Redpanda tracks the offsets of records that have been processed by transform functions. If an error escapes the Wasm virtual machine (VM), the VM will fail. When the Wasm engine detects this failure and starts a new VM, the transform function will retry processing the input topics from the last processed offset, potentially leading to repeated failures if the underlying issue is not resolved.
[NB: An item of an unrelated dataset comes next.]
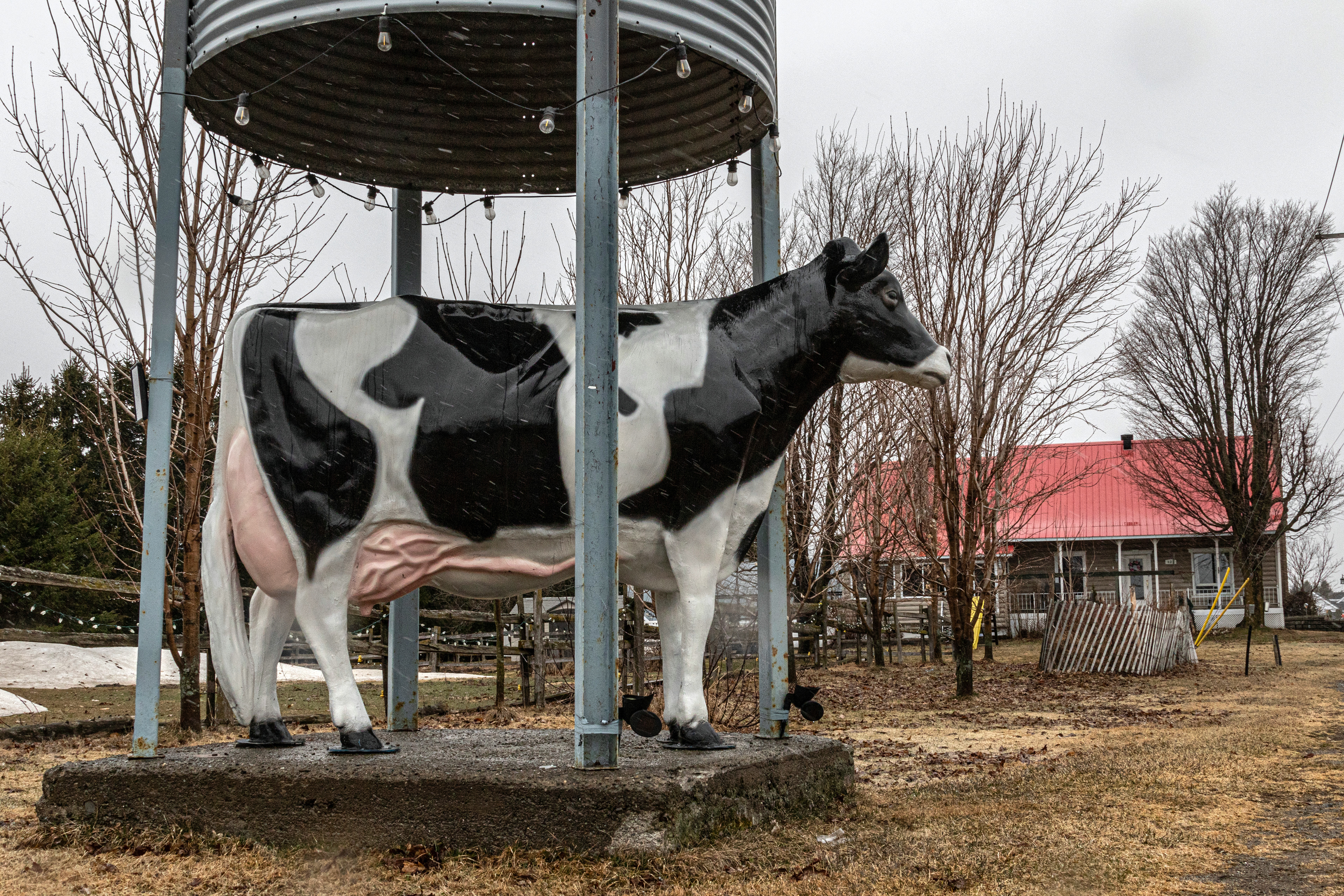 Beauce region of Quebec that trades heavily with the USA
Handling errors internally by logging them and continuing to process subsequent records can help maintain continuous operation. However, this approach can result in silently discarding problematic records, which may lead to unnoticed data loss if the logs are not monitored closely.
-
Go
-
Rust
-
JavaScript
package main
import (
"log"
"github.com/redpanda-data/redpanda/src/transform-sdk/go/transform"
)
func main() {
transform.OnRecordWritten(myTransform)
}
func myTransform(event transform.WriteEvent, writer transform.RecordWriter) error {
record := event.Record()
if record.Key == nil {
// Handle the error internally by logging it
log.Println("Error: Record key is nil")
// Skip this record and continue to process other records
return nil
}
// Allow errors with writes to escape
return writer.Write(record)
}
use redpanda_transform_sdk::*;
use log::error;
fn main() {
// Set up logging
env_logger::init();
on_record_written(my_transform);
}
fn my_transform(event: WriteEvent, writer: &mut RecordWriter) -> anyhow::Result<()> {
let record = event.record;
if record.key().is_none() {
// Handle the error internally by logging it
error!("Error: Record key is nil");
// Skip this record and continue to process other records
return Ok(());
}
// Allow errors with writes to escape
return writer.write(record)
}
import { onRecordWritten } from "@redpanda-data/transform-sdk";
// Register your transform function.
onRecordWritten((event, writer) => {
const record = event.record;
if (!record.key) {
// Handle the error internally by logging it
console.error("Error: Record key is nil");
// Skip this record and continue to process other records
return;
}
// Allow errors with writes to escape
writer.write(record);
});
When you deploy this transform function, and produce a message without a key, you’ll get the following in the logs:
{
"body": {
"stringValue": "2024/06/20 08:17:33 Error: Record key is nil\n"
},
"timeUnixNano": 1718871455235337000,
"severityNumber": 13,
"attributes": [
{
"key": "transform_name",
"value": {
"stringValue": "test"
}
},
{
"key": "node",
"value": {
"intValue": 0
}
}
]
}
You can view logs for transform functions using the rpk transform logs <transform-function-name>
command.
To ensure that you are notified of any errors or issues in your data transforms, Redpanda provides metrics that you can use to monitor the state of your data transforms.
See also:
Avoid state management
Relying on in-memory state across transform invocations can lead to inconsistencies and unpredictable behavior. Data transforms operate with at-least-once semantics, meaning a transform function might be executed more than once for a given record. Redpanda may also restart a transform function at any point, which causes its state to be lost.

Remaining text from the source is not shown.